The while loop is currently written as:
while ((num != 0) && (num < 31) && (num%2==0) || (num%3==0))
This could be rewritten as the following and it would not make any difference:
while (num != 0 && num < 31 && num%2==0 || num%3==0)
The additional parenthesis that you included are not required.
In Java the operator precedence is && before ||. This means that the && operators will be evaluated first, followed by the ||. Therefore, the above statement could therefore be rewritten as the following and it would not make any difference:
while ((num != 0 && num < 31 && num%2==0) || num%3==0)
However, it may make the code a little easier to understand.
So when the code executes the following occurs:
The count variable is initialised to 0.
A value is retrieved and stored in the variable num. Lets say that this value is 10.
The while statement is evaluated for the first time:
num != 0 is true as 10 != 0.
num < 31 is true as 10 is less than 31.
num%2==0 is true as 10 divided by 2 is 5 and leaves a remainder of 0.
As these all evaluate to true, the OR part (num%3==0) is not evaluated as it is not neccessary. See short circuit evaluation (http://users.drew.edu/bburd/JavaForDummies4/ShortCircuitEval.pdf).
The count is incremented to 1.
The loop executes again for the second time. num is still 10.
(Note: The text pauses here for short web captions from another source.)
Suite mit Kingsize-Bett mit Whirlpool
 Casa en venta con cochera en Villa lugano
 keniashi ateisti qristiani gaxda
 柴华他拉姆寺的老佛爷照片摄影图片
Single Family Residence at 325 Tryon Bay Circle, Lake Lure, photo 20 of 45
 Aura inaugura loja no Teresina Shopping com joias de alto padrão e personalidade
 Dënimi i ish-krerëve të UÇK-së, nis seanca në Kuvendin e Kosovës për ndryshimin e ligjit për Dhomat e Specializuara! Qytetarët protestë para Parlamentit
num != 0 is true as 10 != 0.
num < 31 is true as 10 is less than 31.
num%2==0 is true as 10 divided by 2 is 5 and leaves a remainder of 0.
The count is incremented to 2.
And so on... in an infinite loop.
If the variable num was instead set to 9. The loop would evaluate as follows:
num != 0 is true as 9 != 0.
num < 31 is true as 9 is less than 31.
num%2==0 is false as 9 divided by 2 is 4 and leaves a remainder of 1.
Therefore, now the || part is evaluted:
num%3==0 is true as 9 divided by 3 is 3 and leaves a remainder of 0.
Again, this would result in an infinite loop.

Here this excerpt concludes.